● RECORDED INFORMATION
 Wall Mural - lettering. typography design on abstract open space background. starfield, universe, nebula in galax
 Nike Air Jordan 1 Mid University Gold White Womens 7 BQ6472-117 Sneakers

---

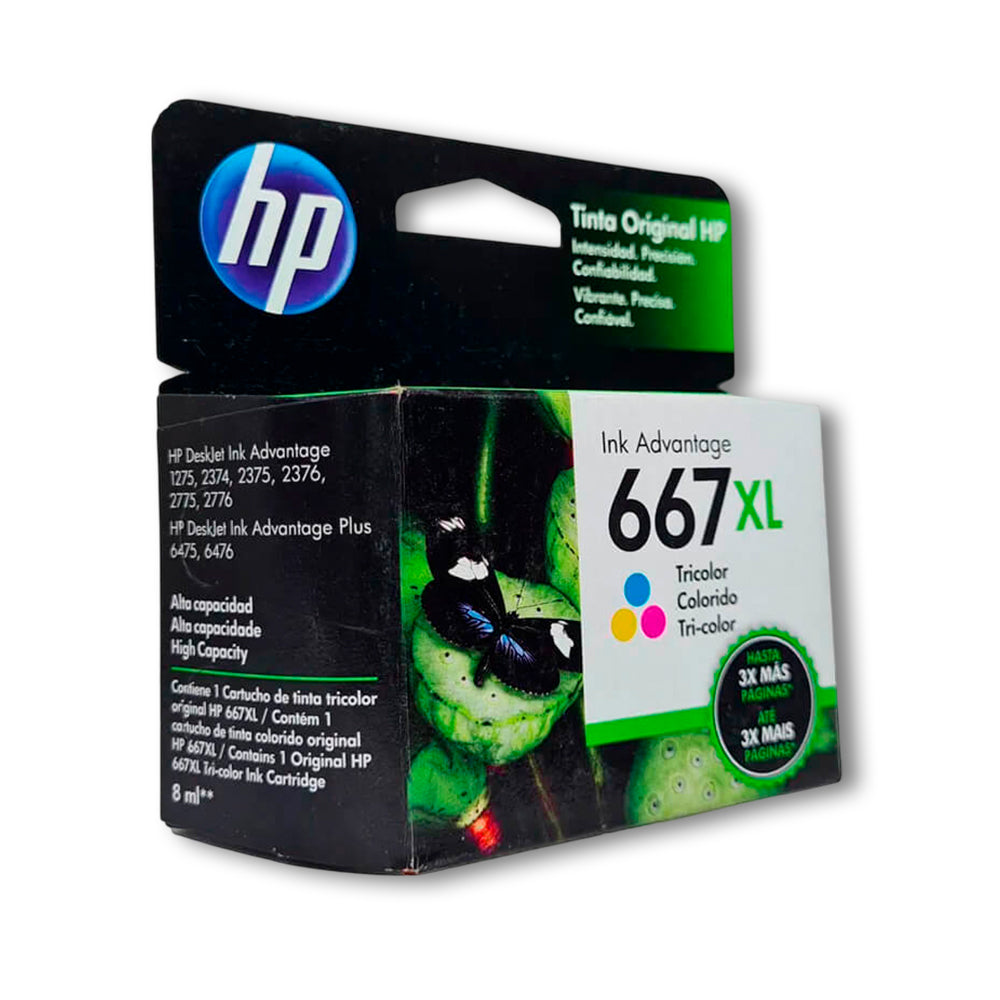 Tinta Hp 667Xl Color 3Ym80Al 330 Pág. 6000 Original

● YOUR INSTRUCTIONS
Return only the lines between the one holding "Wall Mural - lettering." and the one holding "Nike Air Jordan", inclusive, exactly as they appear above.

● EXERCISE SOLUTION
 Wall Mural - lettering. typography design on abstract open space background. starfield, universe, nebula in galax
 Nike Air Jordan 1 Mid University Gold White Womens 7 BQ6472-117 Sneakers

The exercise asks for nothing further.